The developed algorithm is applied over the west-side of the Mediterranean Sea [20°W-15°E, 25°N-50°N] during January-March 2014 using hourly data from 6 RGPA (Réseau GPS Permanent Algérien) stations and 27 IGS stations to generate hourly-TEC fixed grids of 1° x1° .
3.1-validation of DCBs estimation
To investigate the performance of the proposed method, DCBs of IGS receiver stations estimated during days 1-59 of the year 2014 by the proposed method were compared with their corresponding DCBs released by IGS in their respective final ionospheric products. It has been shown that the daily difference of all stations is comprised between -0.4ns and 0.4ns. The RMS of all differences is lower than 0.32 ns. This confirms the reliability of the daily receiver DCBs used method.
3.2-Performance of data refinement
For each vTEC over IPP the corresponding value from CODE’s predicted ionosphere maps is extracted using interpolation operated at both spatial and temporal domains to obtain the vTEC value at the given location and time and the difference is compared to a threshold. A threshold of ±1TECu (TEC unit) reject generally more than 60% of samples. During the day 7 of the year 2014, the mean derived RMSE from a cross validation of TEC maps genertaed from refined vTEC samples using a threshold of ±1TECu and raw vTEC samples is 0.08±0.05TECu and 0.65±0.34TECu respectively. This comparison shows that data refinement leads for suitable results.
3.3- validation of kriging technique
During one day, the structure of the experimental semivariogram can be very different during the hours of the day and they can change significantly. The spatial correlation of TEC decreases with distance. Fitting of experimental variogram over 59 days, shows that Matern and M. Stein’s parameterization models were selected respectively 45% and 43% of realizations where Exponential and Gaussian models were used respectively 8% and 4% of realizations. It can be observed that Spherical model has never been selected. This was expected as from Matern Family all models can be generated. We notice the nugget effect, varies during the day especially during sunrise and noon.

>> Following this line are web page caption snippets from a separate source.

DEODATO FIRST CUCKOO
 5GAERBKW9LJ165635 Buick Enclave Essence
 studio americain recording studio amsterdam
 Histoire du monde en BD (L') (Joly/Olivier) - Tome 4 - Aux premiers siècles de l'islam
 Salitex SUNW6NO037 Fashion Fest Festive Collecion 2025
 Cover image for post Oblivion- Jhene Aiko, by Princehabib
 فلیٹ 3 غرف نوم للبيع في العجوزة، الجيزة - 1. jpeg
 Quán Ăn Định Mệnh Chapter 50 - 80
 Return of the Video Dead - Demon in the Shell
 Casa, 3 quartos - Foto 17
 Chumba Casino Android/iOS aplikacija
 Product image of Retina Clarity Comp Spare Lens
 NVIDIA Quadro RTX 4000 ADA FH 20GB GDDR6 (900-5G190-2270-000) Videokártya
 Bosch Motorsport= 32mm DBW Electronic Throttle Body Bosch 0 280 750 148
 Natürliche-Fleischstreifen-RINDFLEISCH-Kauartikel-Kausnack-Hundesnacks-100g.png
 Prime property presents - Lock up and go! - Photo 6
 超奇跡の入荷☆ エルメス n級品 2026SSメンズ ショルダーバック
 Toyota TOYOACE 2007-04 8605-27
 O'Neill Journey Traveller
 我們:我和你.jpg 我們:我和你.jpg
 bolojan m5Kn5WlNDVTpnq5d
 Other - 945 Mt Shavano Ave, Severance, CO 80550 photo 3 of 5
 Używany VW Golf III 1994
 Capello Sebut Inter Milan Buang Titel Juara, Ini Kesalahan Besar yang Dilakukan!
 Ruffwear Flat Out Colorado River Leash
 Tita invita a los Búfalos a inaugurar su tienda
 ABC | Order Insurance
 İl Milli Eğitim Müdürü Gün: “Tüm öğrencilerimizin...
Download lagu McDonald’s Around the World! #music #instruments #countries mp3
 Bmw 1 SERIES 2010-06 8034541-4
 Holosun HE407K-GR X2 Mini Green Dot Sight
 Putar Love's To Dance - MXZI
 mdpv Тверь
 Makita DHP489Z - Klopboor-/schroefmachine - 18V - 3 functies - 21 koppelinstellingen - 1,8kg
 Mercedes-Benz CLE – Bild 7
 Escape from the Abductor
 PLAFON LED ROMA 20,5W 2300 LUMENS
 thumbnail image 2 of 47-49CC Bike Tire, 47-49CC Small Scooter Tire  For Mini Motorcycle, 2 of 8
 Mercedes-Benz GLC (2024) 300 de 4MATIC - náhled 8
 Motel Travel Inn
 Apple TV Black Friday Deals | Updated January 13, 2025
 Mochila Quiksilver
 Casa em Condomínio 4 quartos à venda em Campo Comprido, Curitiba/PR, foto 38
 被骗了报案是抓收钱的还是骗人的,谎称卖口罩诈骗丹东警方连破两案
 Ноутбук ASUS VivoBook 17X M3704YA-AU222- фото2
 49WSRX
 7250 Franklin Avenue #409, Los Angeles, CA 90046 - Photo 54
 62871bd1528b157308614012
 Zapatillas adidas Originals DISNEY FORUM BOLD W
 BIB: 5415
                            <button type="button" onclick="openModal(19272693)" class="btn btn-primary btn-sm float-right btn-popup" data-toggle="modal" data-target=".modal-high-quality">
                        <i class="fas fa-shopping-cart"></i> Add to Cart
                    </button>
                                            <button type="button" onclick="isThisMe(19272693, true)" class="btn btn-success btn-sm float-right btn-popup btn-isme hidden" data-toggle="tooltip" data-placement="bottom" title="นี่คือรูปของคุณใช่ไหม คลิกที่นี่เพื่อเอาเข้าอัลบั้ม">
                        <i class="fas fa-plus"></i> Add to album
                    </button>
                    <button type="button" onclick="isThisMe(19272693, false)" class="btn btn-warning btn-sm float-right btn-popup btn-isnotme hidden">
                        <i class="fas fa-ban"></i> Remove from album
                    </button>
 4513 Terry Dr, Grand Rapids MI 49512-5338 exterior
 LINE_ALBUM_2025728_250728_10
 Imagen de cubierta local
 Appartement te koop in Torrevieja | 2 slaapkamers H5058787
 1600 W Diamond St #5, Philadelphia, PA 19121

Under quite conditions, the RMSE obtained from a cross-validation procedure of derived maps were comprised between 0.04 and 0.19TECu and the mean RMSE of derived maps is 0.10 TECU.
The second test uses CODE GIM post-processed product to get an accuracy estimate of the different TEC maps. The performance can be obtained by computing the bias, standard deviation and RMS during days 1-59 of the year 2014. The comparison shows a good agreement with mean differences of 0.81± 0.59 TECU.
The developed software is a Matlab and R package used to estimate receiver DCBs from dual-frequency GPS observations and rapid IGS GIM products. Also it is used to process in near-real time hourly GPS data to produce hourly vTEC grids with spatial resolution of 1° x 1°. To improve quality TEC maps, the measured vTEC over IPPs are compared to their corresponding values from CODE'S predicted ionosphere maps following a predefined threshold to select a quality inputs for interpolation TEC mapping is based on an automatic spatial interpolation algorithm using ordinary kriging and a planar de-trending. During the automatic fitting of the experimental semivariogram several parametric models namely spherical, exponential, Gaussian, Matern family and M. Stein’s parameterization model are tested to select the appropriate model and to estimate its related parameters . A test is applied to a mid-latitude regional GPS Network containing 6 RGPA stations and 27 IGS stations distributed non-uniformly over Western Europe and North Africa to assess performance of the software package and kriging interpolation method.